God calls us to live in peace therefore the Synod must give peace to the divorced and remarried. Professor Soding says the Synod must find a way to solve this conundrum. I wonder what Dr Strabismus (whom God preserve) of Utrecht would have to say about all this.

4 comments:

  1. Printable words fail me. I think St Nicholas would have dealt this man a swift smack in the teeth.

    ReplyDelete
  2. He says one must distinguish or dissociate Holy Scripture from any earlier interpretative tradition so that it can be re-interpreted afresh.
    Has Professor Doctor Thomas Soding thought of applying to become a Minister in the Church of Scotland?
    "Currently, the Church of Scotland understands 'the Word of God which is contained in the
    Scriptures of the Old and New Testaments to be the supreme rule of faith and life'. In the
    seventeenth century, this Church, with other branches of the Reformed Church, accepted the
    following statement as a 'subordinate standard', giving assistance in the correct interpretation of the
    Scriptures. There has been much debate in the Church recently, some believing that this document
    is now too 'time conditioned' to function adequately in the way required while others consider the
    Confession to be a vital bulwark of the Church's faith and indeed of its identity.
    Although, however, the Westminster Confession retains its status, the General Assembly of 1986
    declared that it no longer affirmed certain parts, indeed 'dissociated itself' from certain clauses and
    did not require its office-bearers to believe them.
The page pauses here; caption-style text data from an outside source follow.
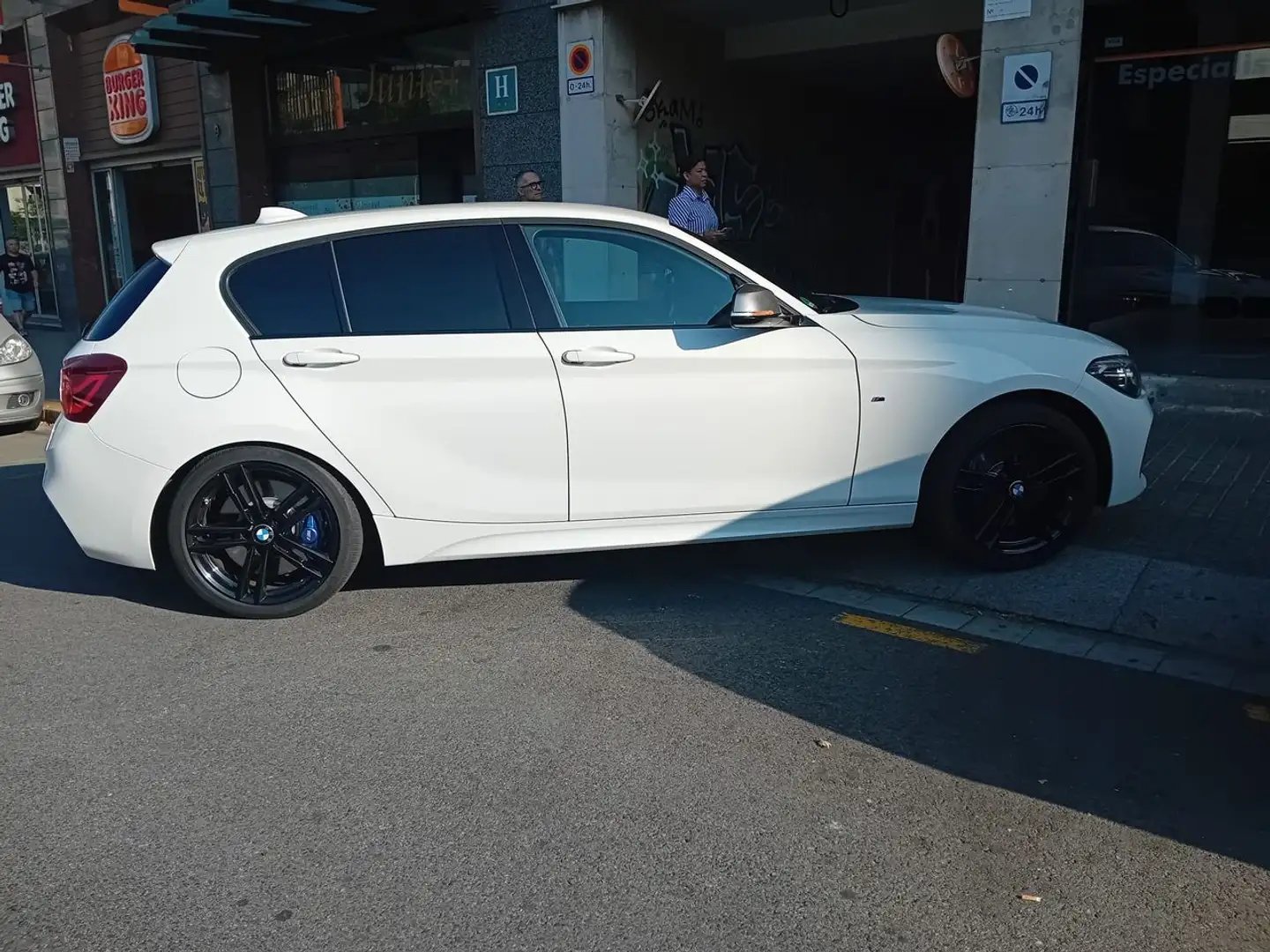 BMW 140 M140iA Blanco - 1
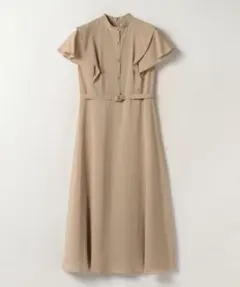 【お値下げ】アルアバイル⭐︎サイドフリルスリーブ ワンピースのサムネイル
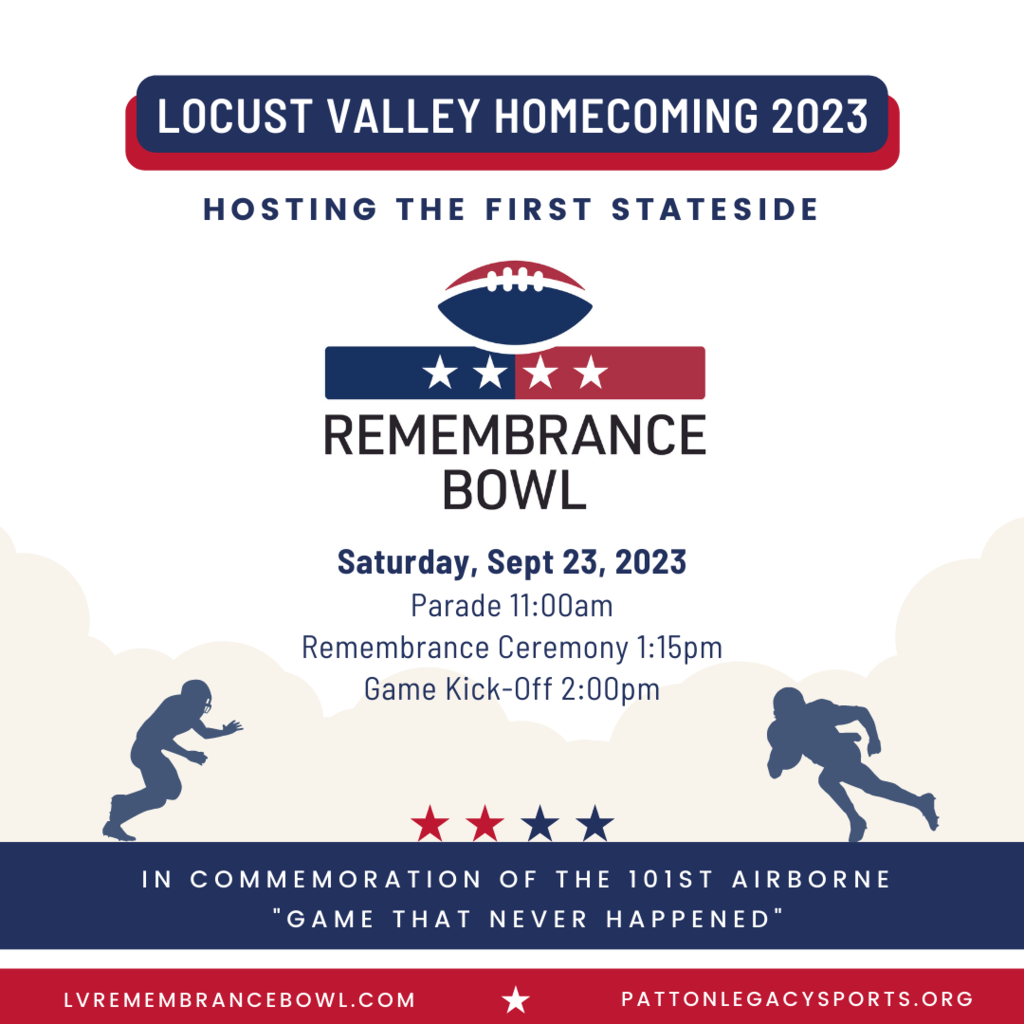 Remembrance Bowl 2023.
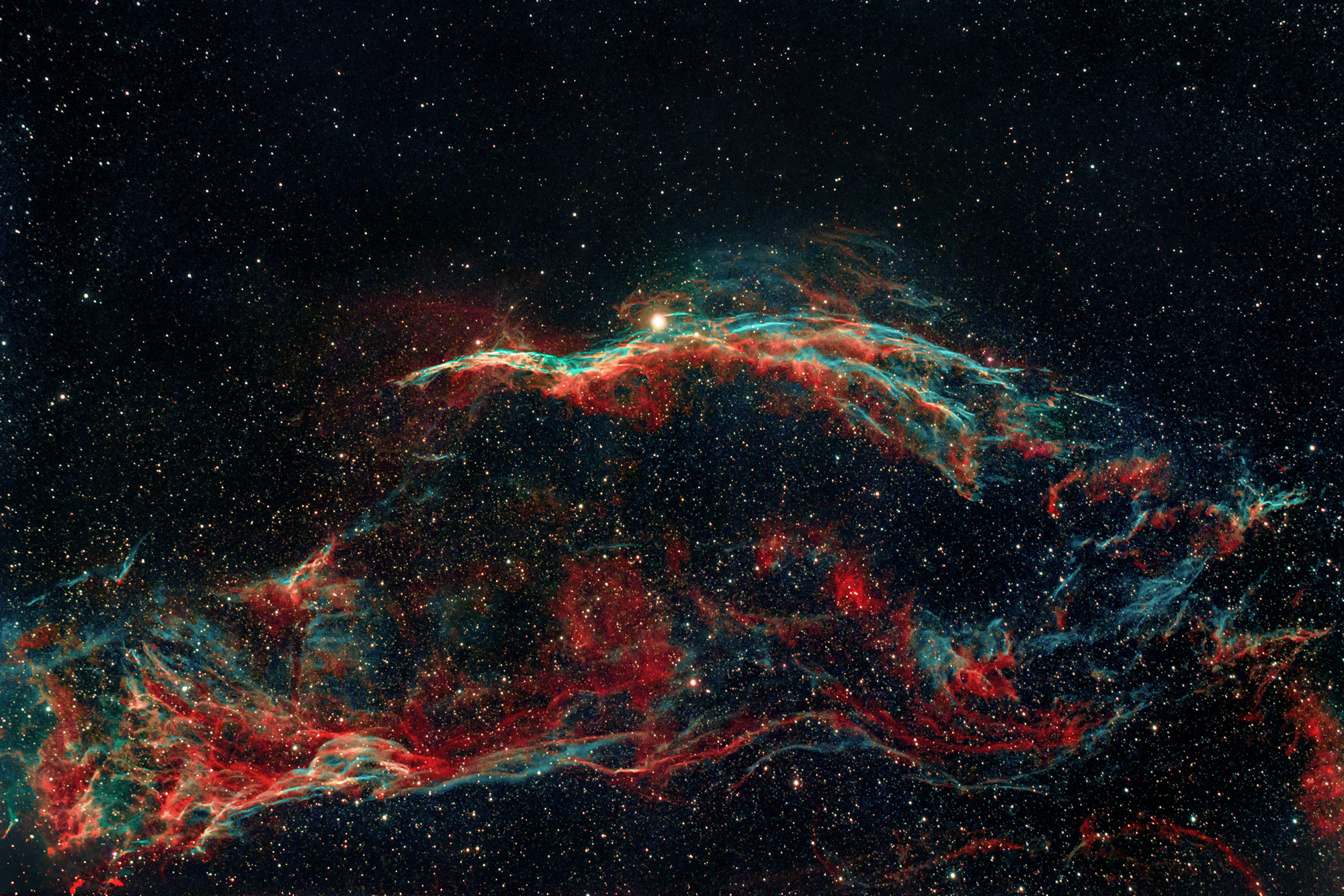 NGC 6960 - Western Veil Nebula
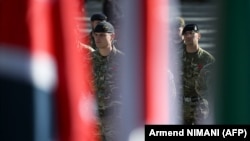 Trupa britanike të KFOR-it. Fotografi ilustruese nga arkivi. 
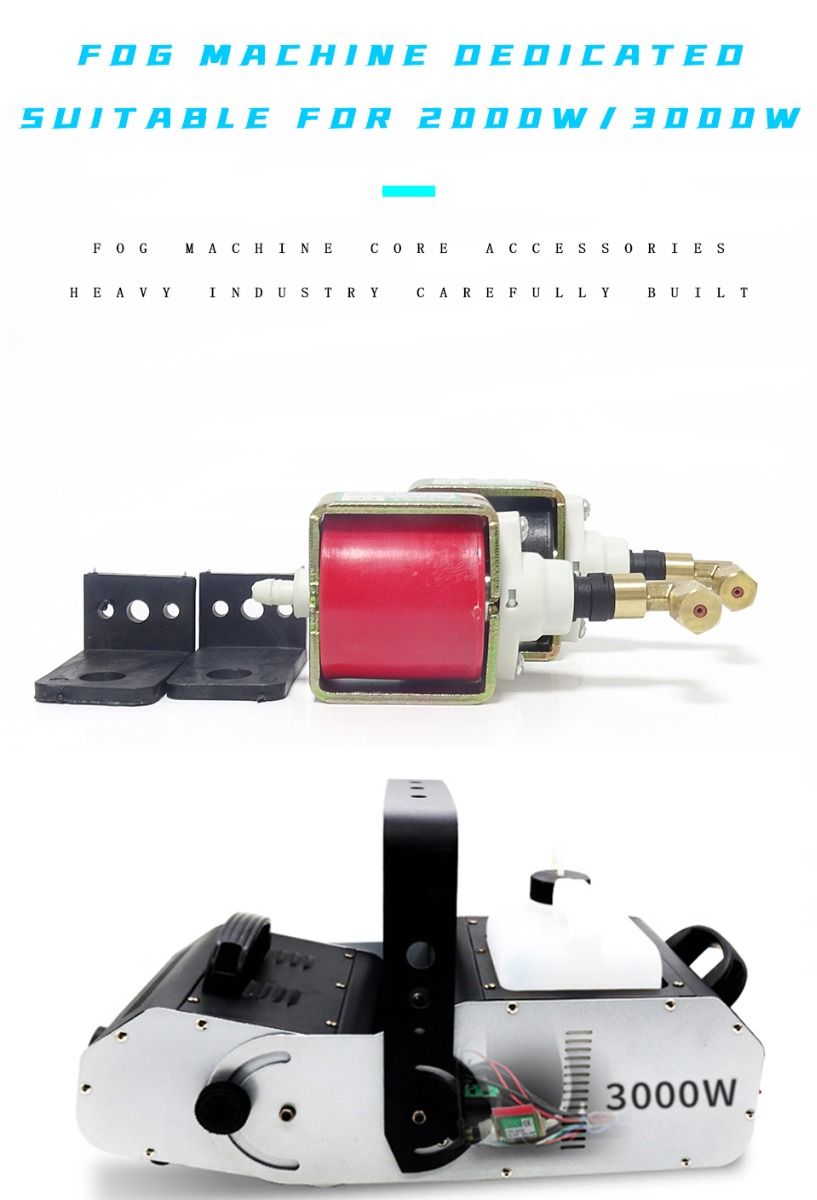 Bomba Eléctrica 55DCB para Máquina de Niebla Control de Aceite Preciso y Operación Silenciosa 110V 220V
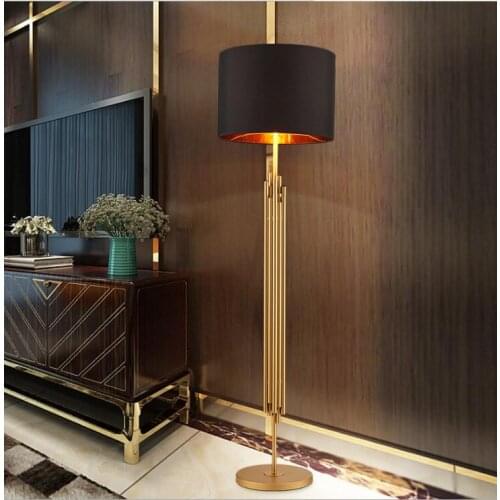 American minimalist luxury living room fashion floor lamp postmodern designer model room floor lamp decoration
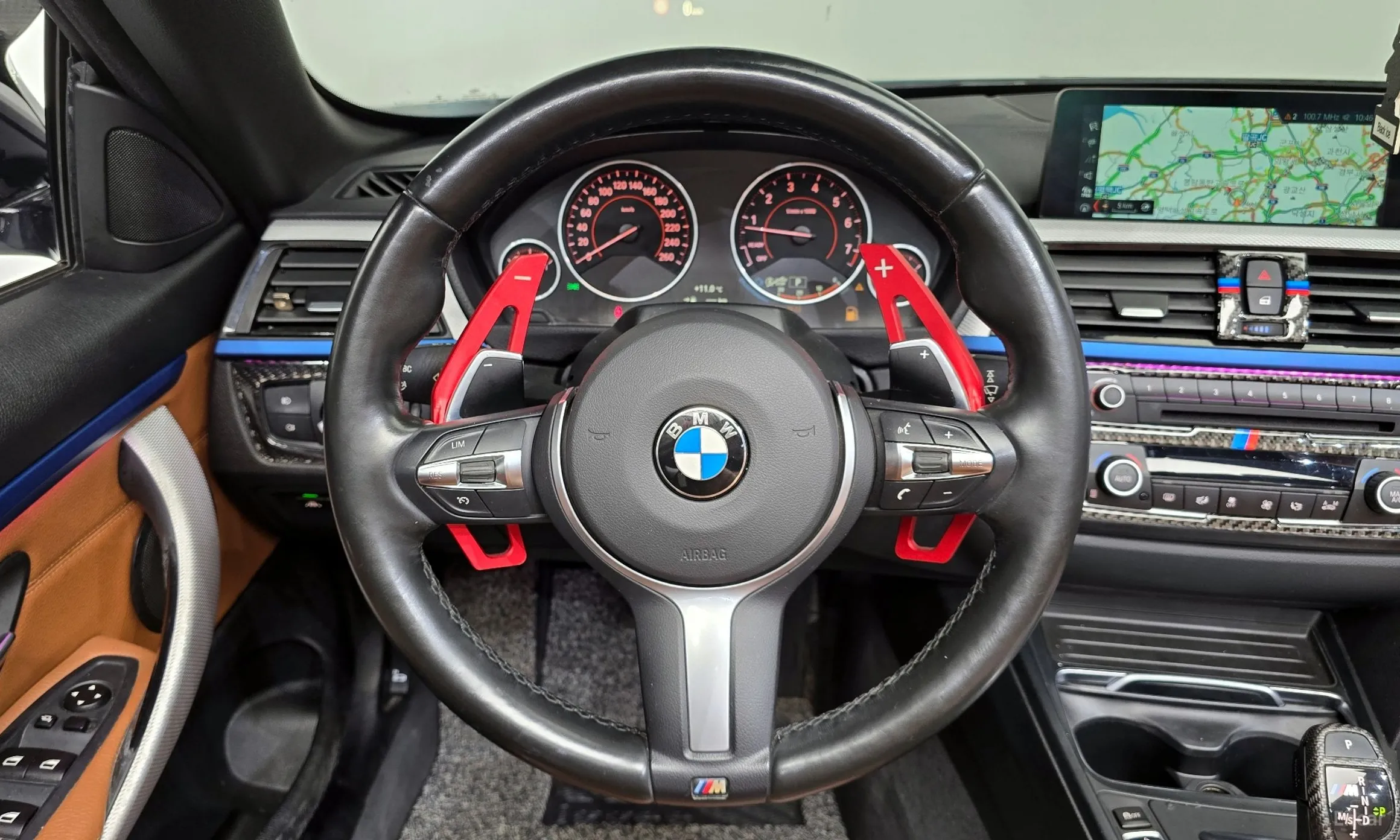 BMW Series 4 (F32) превью 13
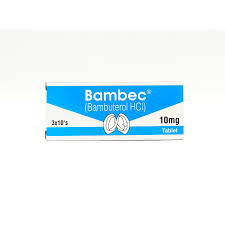 Bambec Tab 10 Mg 3x10s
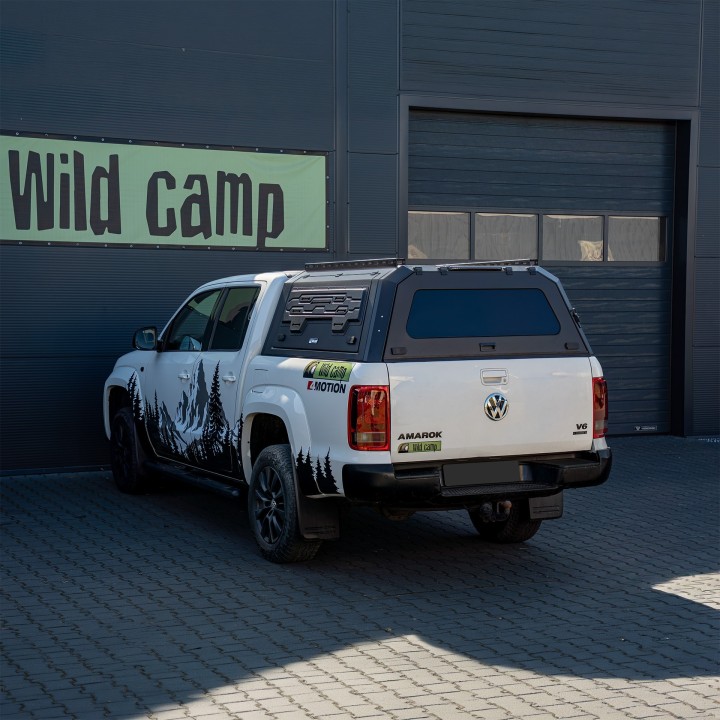 Hardtop Wild Camp Mitsubishi L200 2019-2023 | Szekla4x4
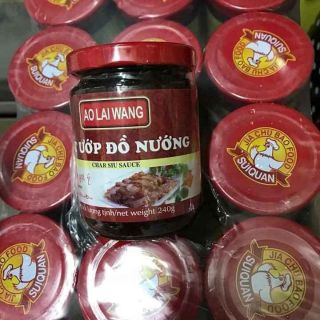 SỐT ƯỚP ĐỒ NƯỚNG AOLAIWANG 240g
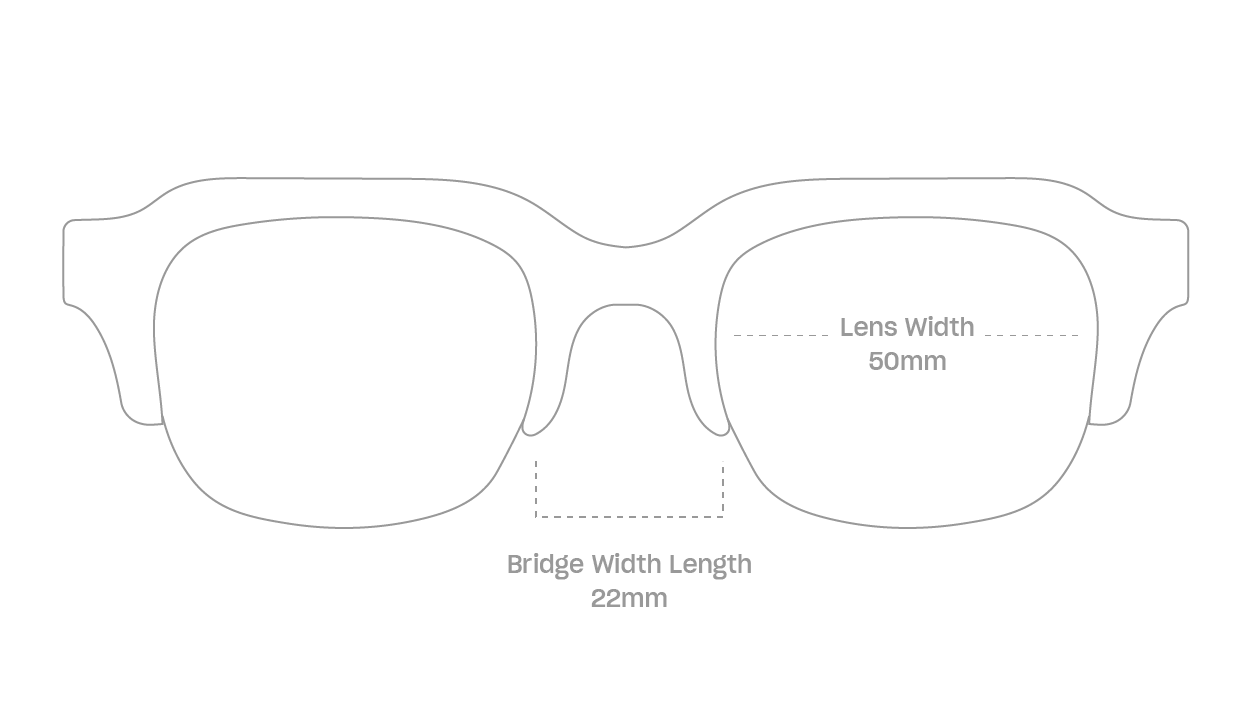 measurement::lens width Leonard Eyeglasses rectangle acetate (4687757017142)
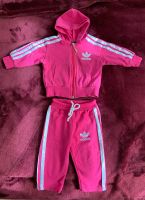 Adidas Mädchen Anzug Hose Sweatshirt Pink Gr. 62 Rheinland-Pfalz - Medard Vorschau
The General Assembly has agreed that ministers,
    deacons and elders at ordination have to assent to the Confession and its role, but, at the same time,
    it is made clear that this is a 'subordinate' standard (to Holy Scripture) and therefore open to
    challenge on the basis of further study of Scripture.
    http://www.churchofscotland.org.uk/__data/assets/pdf_file/0011/650/westminster_confession.pdf

    ReplyDelete
  3. I can just imagine people like Professor Soding, if they had been alive at the time, screaming at Jesus: "You cannot be serious!"